Instructions for the task :: Print nothing except the line holding "2710 Elder Lane, Franklin" and the lines that come after it in the material below, and leave the pictures out.

Extracted entries ::

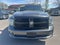 2018 RAM 1500 Express Crew Cab 4x4 5'7' Box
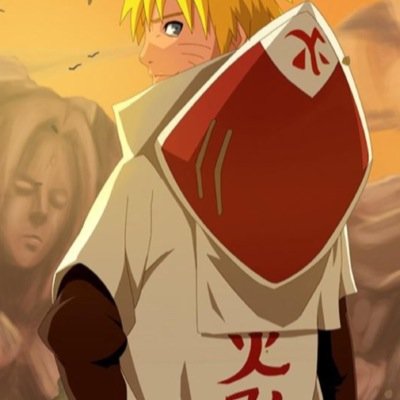Dream clan dare i need a elgoto need clan can u teach me to trick shot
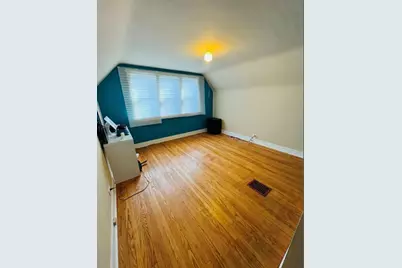 2710 Elder Lane, Franklin Park, IL 60131 - Photo 11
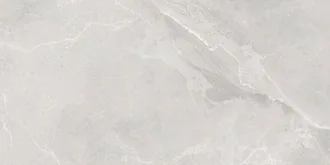 Dubai Ice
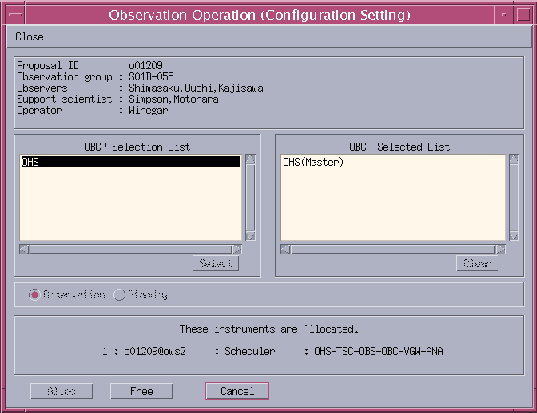 \includegraphics[scale=1.0]{fig/ows44.ps}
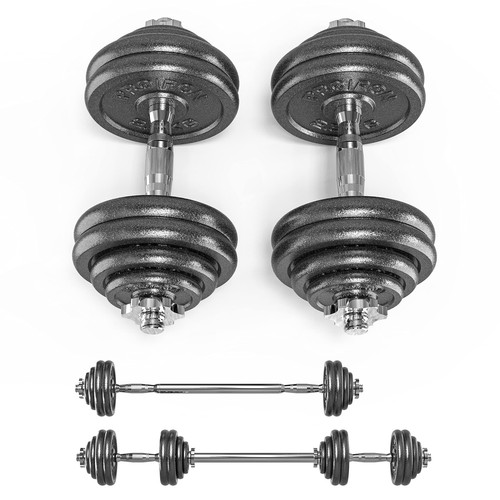 Cast iron adjustable - iron,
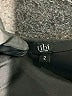Tibi Black Cocktail Dress Size 2 - photo 7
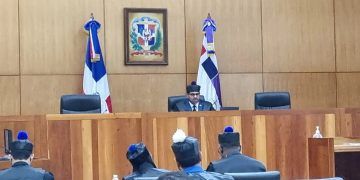 Culpan a 17 en caso Medusa tras acuerdos con MP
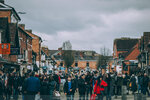 4-0081-IMG_6969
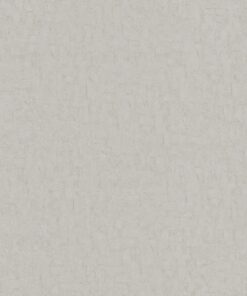 Alternative view of Vlies behang 220071 BN Wallcoverings van Gogh
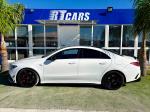 mercedes-benz-cla-2020-gasolina-1991cc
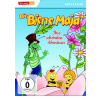 Biene Maja: Ihre schönsten Abenteuer (Kinofilm) (DVD)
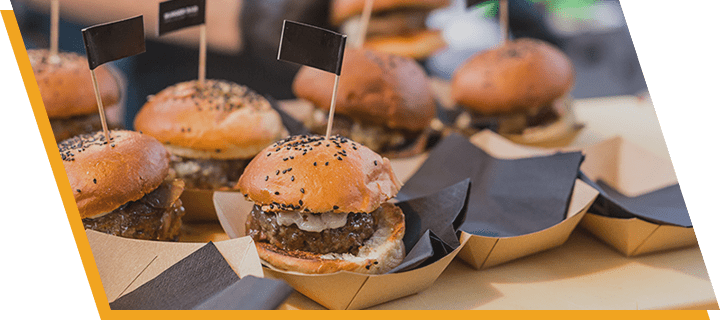 fast-casual-4 fast casual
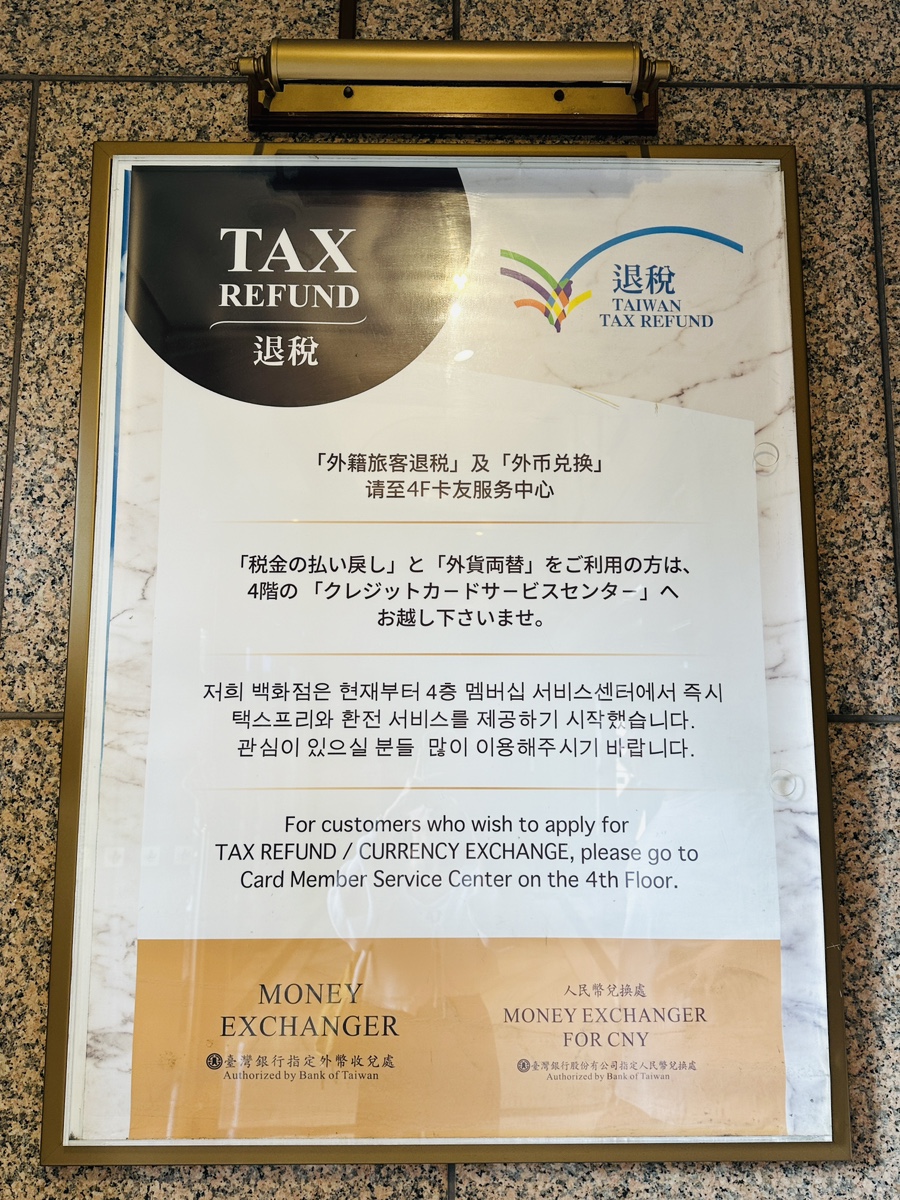 한신의류 이미지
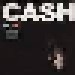 Johnny Cash: American IV: The Man Comes Around (2-LP) - Thumbnail 1
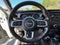 2020 Jeep Gladiator Mojave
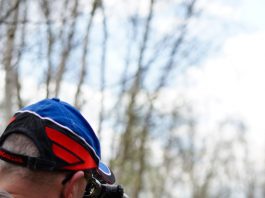 Field_Target_PJBRC_2017_Russ (92 of 126)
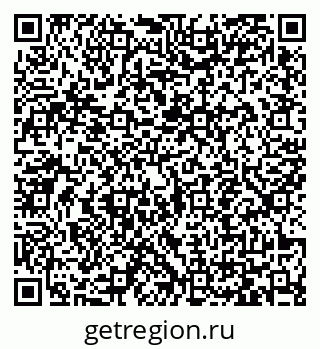 79065443371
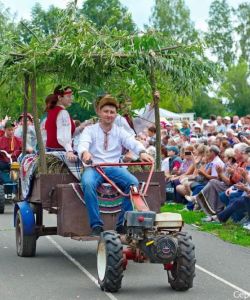 scliflrtsakqrupq3zlzshysrpogb_3-jisoskv_u1u9nb0qpkdjdo4duymksndfnzhktldqby19yji9nccuq2nj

Written solution ::
 2710 Elder Lane, Franklin Park, IL 60131 - Photo 11
 Dubai Ice
 \includegraphics[scale=1.0]{fig/ows44.ps}
 Cast iron adjustable - iron,
Tibi Black Cocktail Dress Size 2 - photo 7
 Culpan a 17 en caso Medusa tras acuerdos con MP
 4-0081-IMG_6969
 Alternative view of Vlies behang 220071 BN Wallcoverings van Gogh
 mercedes-benz-cla-2020-gasolina-1991cc
 Biene Maja: Ihre schönsten Abenteuer (Kinofilm) (DVD)
 fast-casual-4 fast casual
 한신의류 이미지
 Johnny Cash: American IV: The Man Comes Around (2-LP) - Thumbnail 1
 2020 Jeep Gladiator Mojave
 Field_Target_PJBRC_2017_Russ (92 of 126)
 79065443371
 scliflrtsakqrupq3zlzshysrpogb_3-jisoskv_u1u9nb0qpkdjdo4duymksndfnzhktldqby19yji9nccuq2nj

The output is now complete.